Пламя вздрогнуло и погасло. Несколько секунд ничего не было видно, потом в углу засветились два оранжевых пятна, подобных глазам, засерели предметы, и как-то странно стало видно в темноте. Я посмотрел на бабушку. Ее волосы напоминали мерцающий костер синего пламени, она крестилась и читала молитву, а волосы метались и потрескивали, глаза горели фиолетовыми огнями, а зубы сверкали ярче лампады.

Серая тень меняющихся очертаний с двумя оранжевыми пятнами глаз перемещалась по комнате, то поднимая и опуская небольшие предметы, то швыряя их, что было характерно для живого пьяного Данилы.

Когда бабушка, собираясь с мыслями, вспоминая очередную молитву, переставала креститься, наступало затишье, однако со стола мельхиоровая ложка тихонько поднялась и, будто дразня, поплыла на уровне моего лица. Когда она поравнялась со мной, я машинально схватил ее и почувствовал, что меня обволокло что-то еле осязаемое, пол ушел из-под ног, и я поплыл, будто в реке, держась за ложку, как за дощечку. Оконные стекла на низких подоконниках отразили мой силуэт: давно не стриженные волосы стояли дыбом в синем светящемся очертании, глаза горели так же, как у бабушки, зубы сверкали голубоватой белизной. Я сказал:
- Бабушка, темно, а как видно!
- Стой рядом и молчи! - приказала она. Я хотел встать на прежнее место, перебирал ногами, но не мог опереться о пол, оттолкнулся рукой от подоконника и скользнул к ней под иконы.
- Брось ложку, - сказала она. Я бросил… и тут же "прилип" к полу. Ложка легонько стукнула меня по лбу и улетела на стол. Детским рассудком, не знавшим законов физики, я все воспринимал без удивления и страха.

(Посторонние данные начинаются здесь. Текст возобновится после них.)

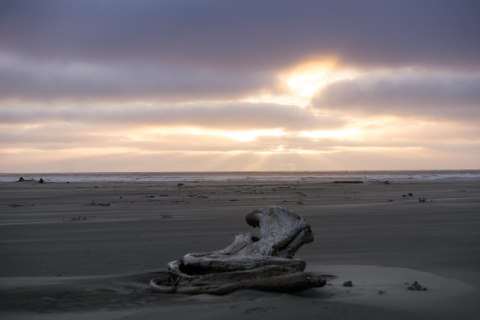 You'll Need The Whole Weekend To Explore All 581 Acres Of Grayland Beach State Park In Washington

Под столом раздалось звяканье осколков стекла, и из-под него к моим ногам выкатилось целое ламповое стекло. Я поднял его и протянул бабушке.
- Подержи, я зажгу, - сказала она. Обобрала фитиль, взяла со стола спички…

На кухне что-то загремело - мы невольно пос- мотрели туда и застыли в ужасе: из-под лавки взлетел топор и повис в воздухе.
- Да воскреснет Бог!… - вскричала бабушка. Топор пронесся в ее сторону, но, чуть не долетев до головы, изменил траекторию полета и врезался в наличник окна.
- И расточатся врази Его! - продолжала она, чиркнув спичку. Облакообразная тень метнулась в горн печки. С загнетки опрокинулся чугун со щами. Звякнули вьюшки, и тень исчезла в трубе. Дрожащими руками бабушка поднесла спичку к лампе, попросила:
- Надень стекло, как бы мне не выронить.

Комната наполнилась светом. Несколько минут мы стояли молча. Кошка вышла из-под кровати и принялась лакать щи. Бабушка обессиленно села и медленно проговорила:
- Ложись спать, сынок, я с тобой, - что означало: я защищу тебя.

Позже, вспоминая происшествие, она кому-то призналась: если бы не ребенок, мне бы не сдобровать. Дополняя и уточняя друг друга в деталях видений, мы обнаружили, что наши восприятия имели различия. Так, бабушка рассказала, что "от страха волосы становились дыбом", я же чувствовал, как волосы вставали, но страха не испытывал. Бабушка наиболее подробно запомнила эпизод с пламенем коптилки и не заметила, как я "плавал", а также, куда исчезло видение, а я не слышал ругательств деда в эпизоде с топором. Кстати, он еще долго торчал в наличнике окна.

По совету христиан бабушка обратилась к благочестивому старцу отцу Константину, жившему в те времена где-то в нашей области. Затем всю комнату окропила Святой водой, на чердаке все углы окурила ладном. И беснующееся видение посещать перестало.

Однако, когда меня увезли учиться в город, жить в своем доме спокойно бабушка уже не могла: ушла в дом престарелых, где вскоре и умерла. Я впоследствии пошел в летчики потому, что в детстве вкусил секунды свободного полета, и всю жизнь эти ощущения преследовали меня. Какого-либо объяснения по поводу рассказанного у меня так и не сформиро -валось. В одном только уверен, что "неестественное", вопреки теории материализма, существует.